What to do:
In the records below, find the line with "78 Salem Hill", then retype it and every following line exactly, stopping after the line with "সচিবালয়ের পথে লংমার্চে এইচএসসি পরীক্ষার্থীরা". Leave the pictures out.
===== Data to use =====
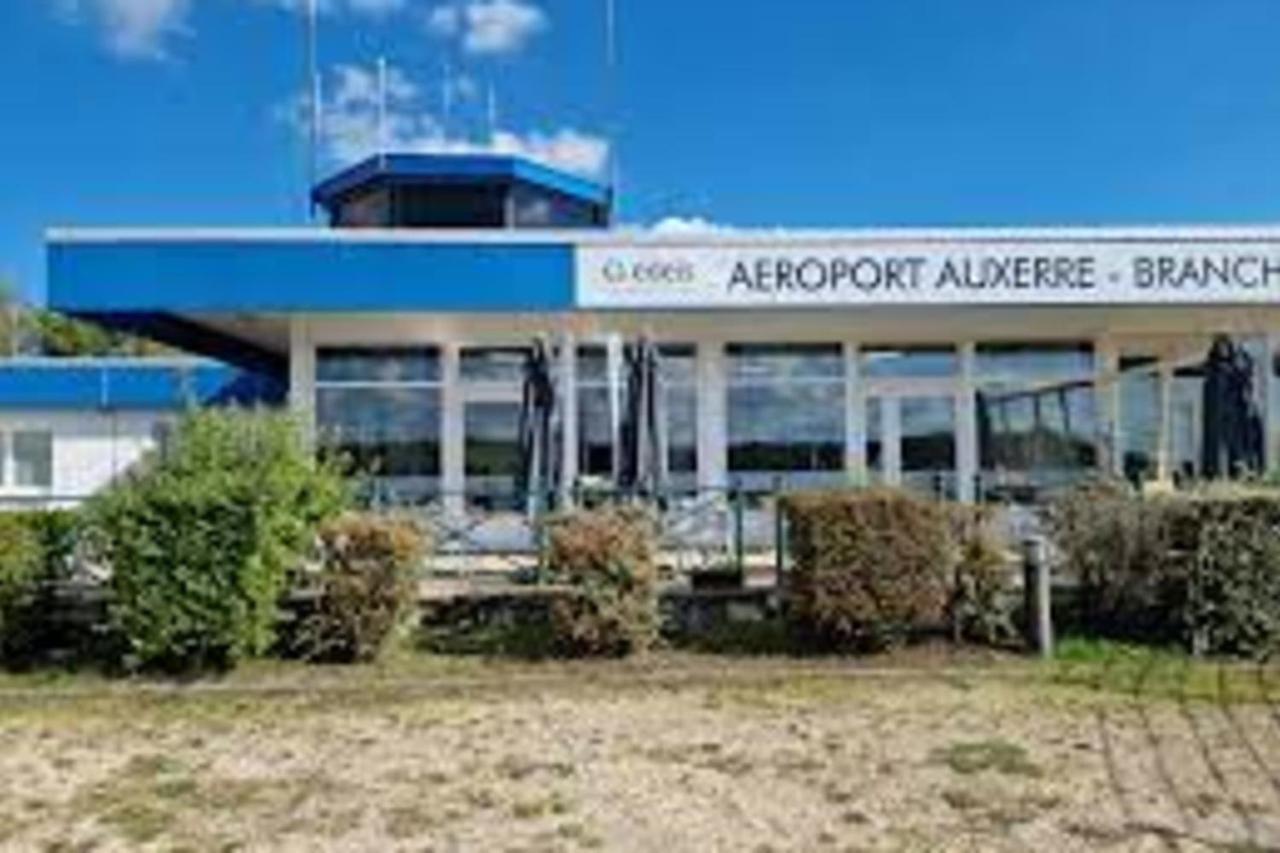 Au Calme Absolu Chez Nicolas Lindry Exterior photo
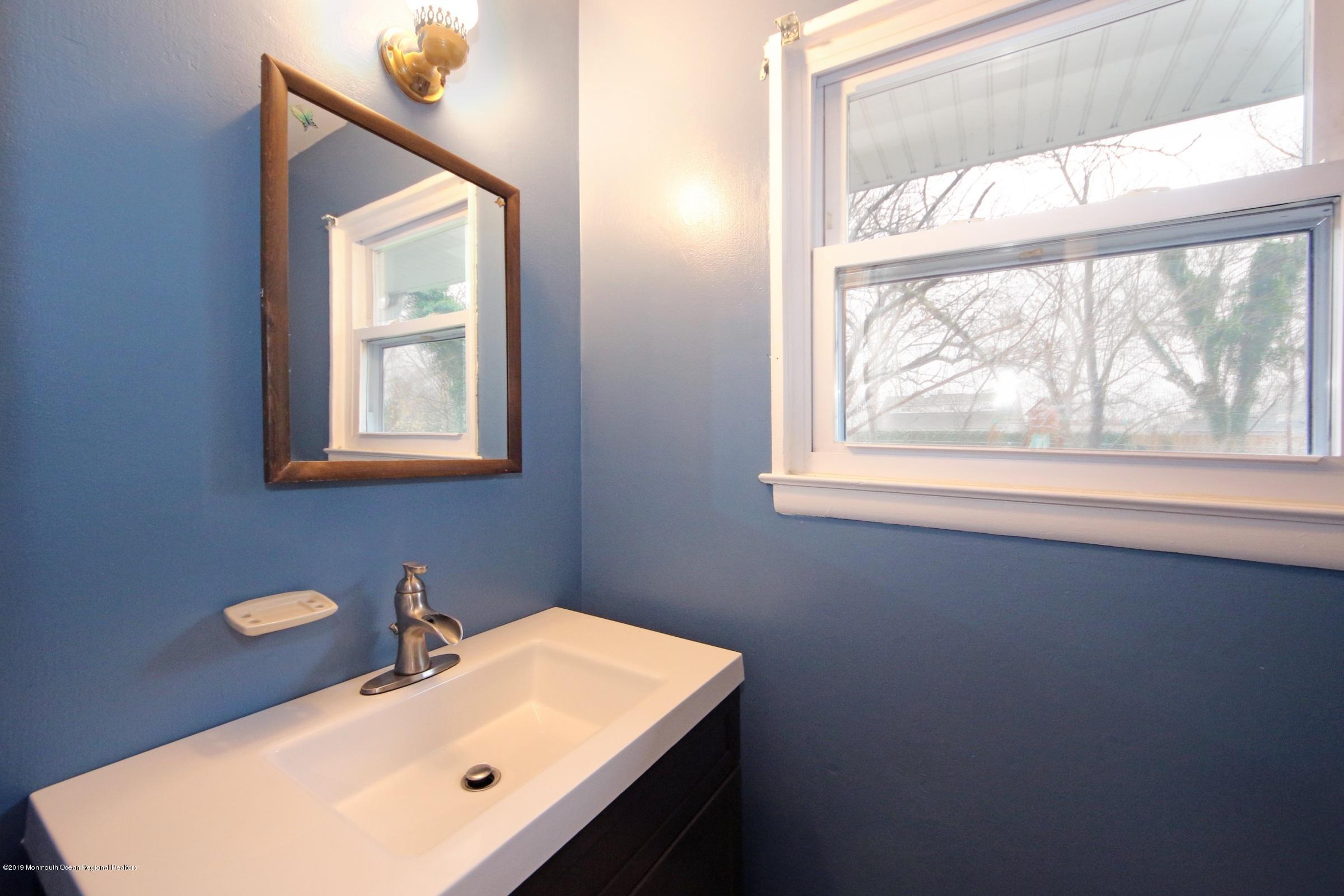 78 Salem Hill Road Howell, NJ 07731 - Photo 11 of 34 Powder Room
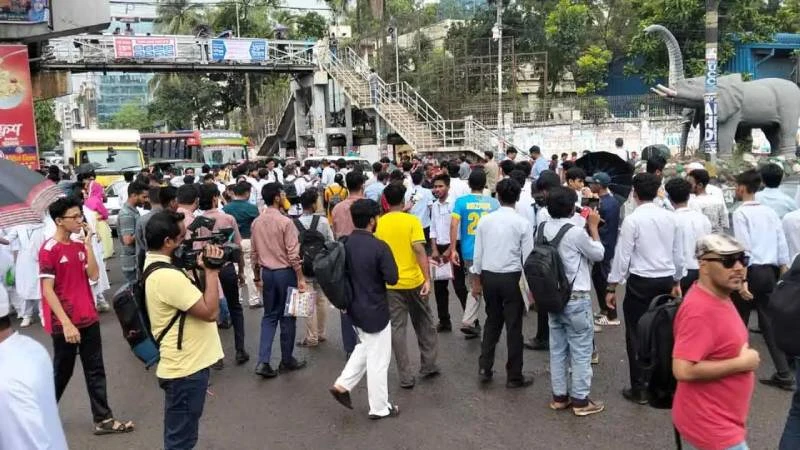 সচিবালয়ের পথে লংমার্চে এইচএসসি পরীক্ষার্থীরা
=====
===== Data to use =====
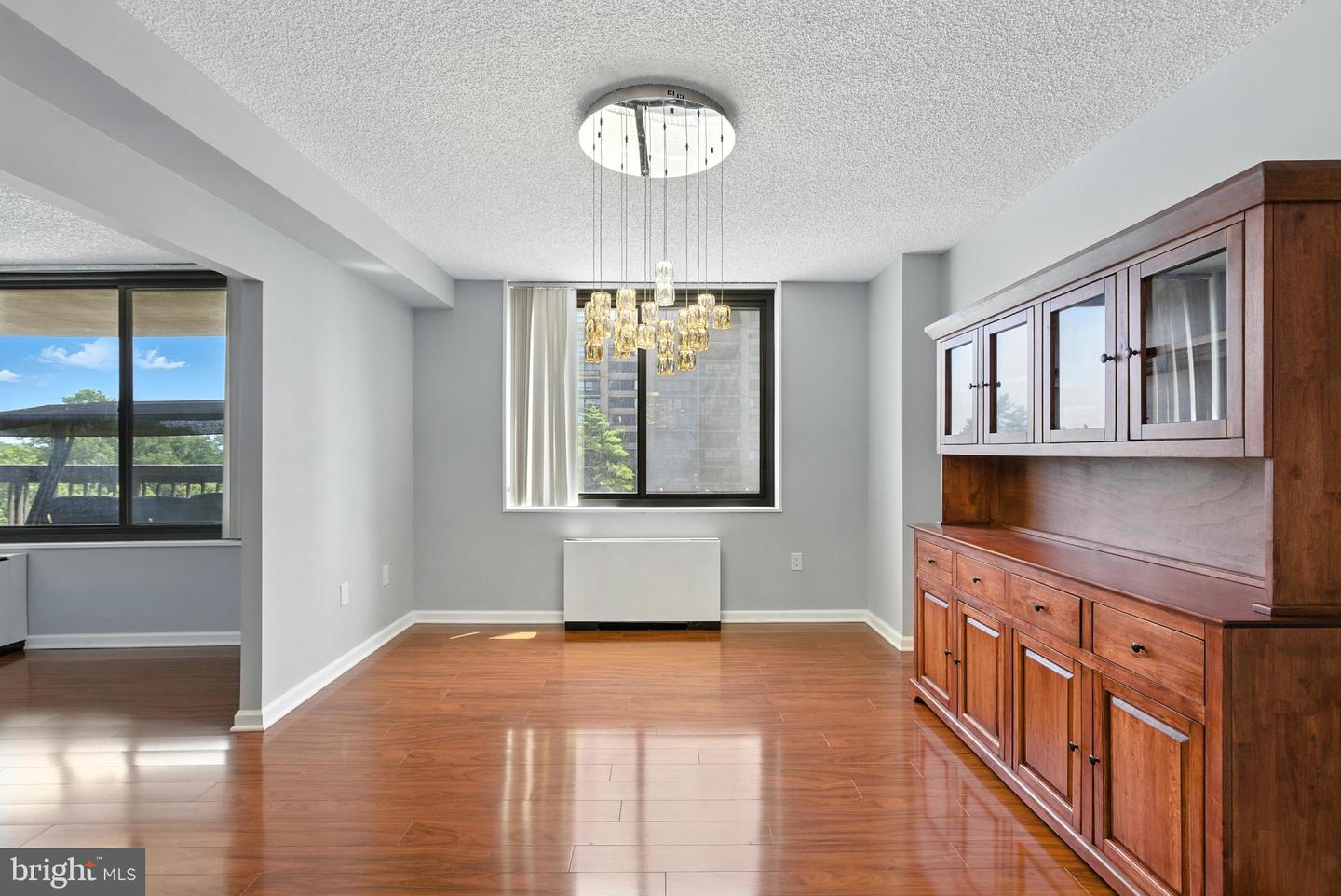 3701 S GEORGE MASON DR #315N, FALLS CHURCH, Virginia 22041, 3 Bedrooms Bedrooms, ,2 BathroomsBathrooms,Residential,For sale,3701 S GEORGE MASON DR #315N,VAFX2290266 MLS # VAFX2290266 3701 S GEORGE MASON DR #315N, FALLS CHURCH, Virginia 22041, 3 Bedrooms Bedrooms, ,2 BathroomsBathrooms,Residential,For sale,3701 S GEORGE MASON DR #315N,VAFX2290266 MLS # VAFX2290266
=====
Reply to the exercise:
 78 Salem Hill Road Howell, NJ 07731 - Photo 11 of 34 Powder Room
 সচিবালয়ের পথে লংমার্চে এইচএসসি পরীক্ষার্থীরা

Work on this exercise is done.